Noi invece facciamo campagna con un budget di 800.000 franchi, contando sull’aiuto della gente. Per esempio abbiamo prodotto più di 30.000 bandiere con il logo dell’iniziativa che sono state appese alle finestre dei nostri sostenitori. Se vi è capitato di passare in una città come Zurigo o Berna negli ultimi mesi le avete sicuramente viste. Non è passato giorno senza che vi sia una notizia sulla 1:12, sulle conseguenze della sua accettazione, su quale politico la sostiene o quale vi si oppone. Comunque vada, siamo orgogliosi di quel che abbiamo fatto.

PR: Se passa il referendum cosa succede?

FR: Se l’iniziativa passa, il Governo deve fare una legge d’applicazione. Il testo dell’iniziativa comporta solo qualche linea guida, perché nella Costituzione vengono inseriti solo i principi. L’applicazione, con tutte le regole, sanzioni, competenze, è definita in una legge specifica, che deve essere votata e approvata dal parlamento. Se il testo proposto sarà troppo moderato o se verranno fatte troppe concessioni abbiamo il diritto di lanciare un referendum: abbiamo 4 mesi di tempo per raccogliere 50.000 firme.

PR: Pensa che la volontà di limitare i maxi-stipendi dei manager possa diffondersi anche in altri paesi, tra i quali l’Italia?

FR: Certo! La Gioventù Socialista spagnola è riuscita a far inserire il principio della 1:12 nel programma economico del PS spagnolo! Da molte altre nazioni ci hanno contattato per chiedere informazioni e per “copiare” la nostra iniziativa. Penso che limitare gli eccessi dei top manager sia un buon modo per evitare l’aggravarsi della crisi e per meglio ripartire la ricchezza generata dal lavoro. Se non facciamo nulla continueranno ad arricchirsi a nostro danno e questa è una cosa inaccettabile. L’iniziativa 1:12 non può risolvere tutti i problemi, ma sicuramente è una pista che vale la pena d’essere esplorata anche in Europa e nel resto del mondo.

PR: In Svizzera si può cambiare la Costituzione attraverso iniziative popolari. Quali sono le regole fondamentali?

FR: Il principio dell’iniziativa popolare è che un gruppo di cittadini può chiedere una modifica della Costituzione. Dal lancio ufficiale dell’iniziativa, i promotori hanno 18 mesi per raccogliere le 100.000 firme necessarie tra i circa 5 milioni d’aventi diritto di voto in Svizzera.
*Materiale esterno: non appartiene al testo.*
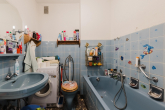 Badezimmer - Zentral gelegenes, bereits aufgeteiltes Mehrfamilienhaus in unmittelbarer Nähe zur Universität.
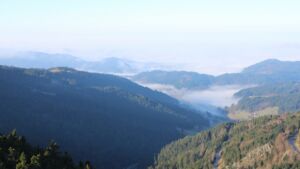 Dieses Bild zeigt eine Webcam-Aufnahme vom Achertal, aufgenommen am Samstag, den 13.12.2025 um 11:00 Uhr. Die Temperatur betrug 8.9°C.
Può sembrare poco a prima vista, ma in realtà molte iniziative sono state abbandonate a causa di questa soglia. Solo i partiti più grandi o i movimenti cha hanno potuto contare sull’appoggio di numerosi volontari hanno potuto consegnare le firme in tempo. Dopo la convalida delle firme, il governo prende posizione sulla proposta indicando una preferenza per il si o per il no. Può anche preparare un progetto di legge per soddisfare in parte le richieste dei promotori, ma ciò non è avvenuto per la nostra iniziativa 1:12. In seguito sono le due camere del Parlamento che devono prendere posizione. In ogni caso, queste decisioni di Governo e Parlamento sono solo delle indicazioni di voto per il popolo. Infatti, anche se le due istituzioni si oppongono ad un’iniziativa, essa viene comunque votata dal popolo.
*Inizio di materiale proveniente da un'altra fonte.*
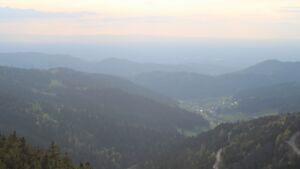 Dieses Bild zeigt eine Webcam-Aufnahme vom Achertal, aufgenommen am Samstag, den 18.04.2026 um 18:50 Uhr. Die Temperatur betrug 14.3°C.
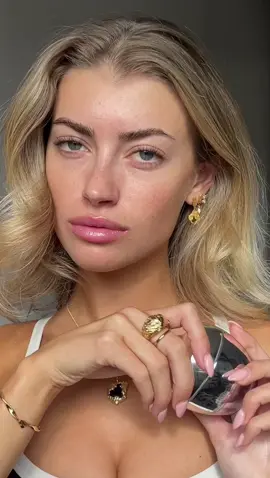 sunny bronzey grwm ⭐️ #makeup #skincare  @Lancôme rénergie peptide cream @Kiehlsuki avocado eye cream @Iconic London sunshine bronzing drops @Armani beauty lumious silk foundation 4.25 @milkmakeup makeup bronzing stick baked Milk Makeup cooling water jelly tint spritz  @YSL Beauty lash clash 02 @Rinna Beauty lip liner in the nude @Hourglass Cosmetics skip  ad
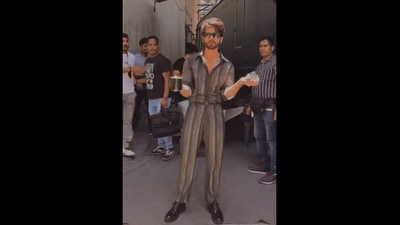 Shahid Kapoor in the viral coffee trend uploaded on his Instagram page. (instagram/@shahidkapoor) Shahid Kapoor in the viral coffee trend uploaded on his Instagram page. (instagram/@shahidkapoor)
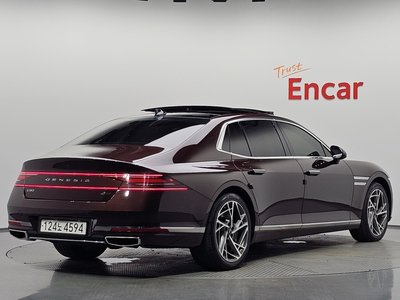 صورة 3 لـ 2022 Genesis G90 (RS4)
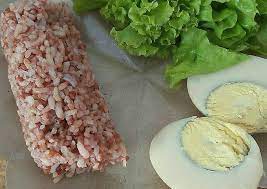 Pasalnya, telur rebus memang terkenal dengan jumlah kalorinya yang sedikit dan kaya akan protein. Resep Telur Rebus Dan Nasi Merah Oleh Vivi Puspitasari Cookpad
PR: Quale esito è necessario per l’approvazione?

FR: Per essere approvata deve avere la doppia maggioranza: non solo la maggioranza del popolo svizzero deve esprimersi a favore, ma è pure necessaria la maggioranza dei Cantoni (le 23 “regioni” che compongono la Confederazione). Se in almeno 12 Cantoni prevale il sì, allora l’iniziativa è approvata (sempre che anche la maggioranza del popolo sia a favore). È raro che un’iniziativa sia approvata, però negli ultimi anni si è notato un aumento delle proposte accettate. Possiamo citare per esempio quella che limita il numero di residenze secondarie nei comuni delle Alpi per proteggere il paesaggio o un’altra che impone un limite nel traffico dei TIR attraverso le Alpi.